Opportunità è una di quelle parole che sono tutto tranne che internazionali. Mi spiego: non tutti possono vantare di averne, nella propria esistenza.

Ci sono posti in cui ti capita di avere una buona opportunità nella vita e basta. Una botta di culo. Da noi è un po’ diverso: possiamo, nei limiti economici della faccenda, viaggiare, andare all’università, lavorare, avere una casa, indossare vestiti diversi ogni giorno. Gesti scontati per noi, probabilmente neanche considerati come opportunità da molti, ma se vengono confrontati con chi ha poco o niente di tutto questo, allora lo diventano.

Tra le opportunità che ho avuto nella mia breve, ma fino ad ora, intensa vita, c’è stata quella di conoscere una terra senza opportunità. In questo caso mi riferisco al Kenya, al piccolo villaggio di Buoye in cui sono stata due anni fa. Penso però che il discorso si possa generalizzare per tutta l’Africa.
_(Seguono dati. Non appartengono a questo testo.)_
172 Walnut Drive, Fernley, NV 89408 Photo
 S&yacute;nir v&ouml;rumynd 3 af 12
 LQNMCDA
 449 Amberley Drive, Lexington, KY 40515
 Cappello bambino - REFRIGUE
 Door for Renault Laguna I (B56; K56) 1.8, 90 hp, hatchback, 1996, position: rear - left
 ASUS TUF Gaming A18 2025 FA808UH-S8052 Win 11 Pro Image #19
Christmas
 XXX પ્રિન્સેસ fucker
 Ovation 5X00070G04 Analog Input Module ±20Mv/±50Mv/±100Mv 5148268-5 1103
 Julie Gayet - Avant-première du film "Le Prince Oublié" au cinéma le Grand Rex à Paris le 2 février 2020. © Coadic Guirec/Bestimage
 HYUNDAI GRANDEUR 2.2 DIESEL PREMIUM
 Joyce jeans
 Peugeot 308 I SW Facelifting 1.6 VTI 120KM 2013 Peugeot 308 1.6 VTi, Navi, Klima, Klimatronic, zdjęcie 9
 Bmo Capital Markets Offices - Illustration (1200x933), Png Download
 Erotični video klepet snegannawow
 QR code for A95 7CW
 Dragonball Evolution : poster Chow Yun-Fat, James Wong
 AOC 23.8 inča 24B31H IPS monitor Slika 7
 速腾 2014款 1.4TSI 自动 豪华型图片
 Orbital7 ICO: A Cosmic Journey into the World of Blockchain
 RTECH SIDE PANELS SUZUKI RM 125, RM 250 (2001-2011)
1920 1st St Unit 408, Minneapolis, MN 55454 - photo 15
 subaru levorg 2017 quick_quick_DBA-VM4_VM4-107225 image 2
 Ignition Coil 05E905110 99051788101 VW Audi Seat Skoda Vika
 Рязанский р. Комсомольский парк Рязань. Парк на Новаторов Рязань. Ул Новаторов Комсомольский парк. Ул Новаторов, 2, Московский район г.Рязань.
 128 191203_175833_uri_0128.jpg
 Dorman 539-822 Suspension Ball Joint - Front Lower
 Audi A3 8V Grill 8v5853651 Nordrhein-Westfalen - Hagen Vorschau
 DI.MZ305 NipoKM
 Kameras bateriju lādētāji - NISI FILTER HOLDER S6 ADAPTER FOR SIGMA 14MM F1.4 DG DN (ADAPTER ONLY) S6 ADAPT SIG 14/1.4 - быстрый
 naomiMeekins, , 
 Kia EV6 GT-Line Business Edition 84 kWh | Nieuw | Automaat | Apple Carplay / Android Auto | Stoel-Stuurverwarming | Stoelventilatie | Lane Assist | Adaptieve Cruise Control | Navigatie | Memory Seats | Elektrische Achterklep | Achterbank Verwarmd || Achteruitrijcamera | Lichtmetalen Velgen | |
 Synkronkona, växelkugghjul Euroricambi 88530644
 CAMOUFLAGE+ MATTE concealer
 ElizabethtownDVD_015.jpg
Non starò di certo a parlare di quanta miseria ci sia in Kenya, perché lo si sa. Forse ci si tappa un po’ troppo le orecchie, fa meno male non stare a sentire, comunque ci si può fare un’idea delle case di fango, dei bambini con le pance gonfie, del numero spropositato di affetti da AIDS etc. Ci sono immagini su google di tutto questo.

Quello di cui vorrei parlare invece è proprio di quella botta di culo che a qualcuno di loro è capitato di avere nella vita.

Una ragazza di Boves, Mary, ha fondato un’associazione chiamata Progetto Orfani Lago Vittoria. Sono stata a Buoye con loro. Si occupano di adozioni a distanza. Alcune famiglie italiane pagano la retta scolastica ed altre spese come l’uniforme a un centinaio di bambini che vivono sulle rive del lago Vittoria, vicino alla città di Kisumu.

A questi bambini si regala la possibilità di andare a scuola, di vivere in una casa con dei genitori a cui sono affidati e di avere almeno un pasto al giorno.

Non voglio raccontarvi quello che ho visto come se fosse una favola. Non ci sono solo finali felici. Anzi. Spesso i bambini muoiono. Ma la realtà africana è affascinante perché estremamente complessa e piena di paradossi.

Il fare volontariato in una terra senza speranza e senza opportunità ti fa capire di quante tu ne abbia quotidianamente. E ti fa venir voglia di impiegare le tue energie per darne a chi non ne ha. Si tratta semplicemente di decidere di fare in questo modo la propria parte nel mondo.

Perché lo si fa? Perché si sente di avere già avuto abbastanza dalla vita, talmente tanto da mettersi in cammino verso questa terra per condividere quanto ricevuto.

Per poi tornare a casa con molto di più di quanto si è riusciti a dare.

Perché chiunque sia stato in Africa lo sa: ti riporti indietro, nel tuo mondo di tutti i giorni, molte più cose di quelle che avevi prima. È una terra che, con niente, ti arricchisce.

È un paradosso: è l’Africa. Andateci.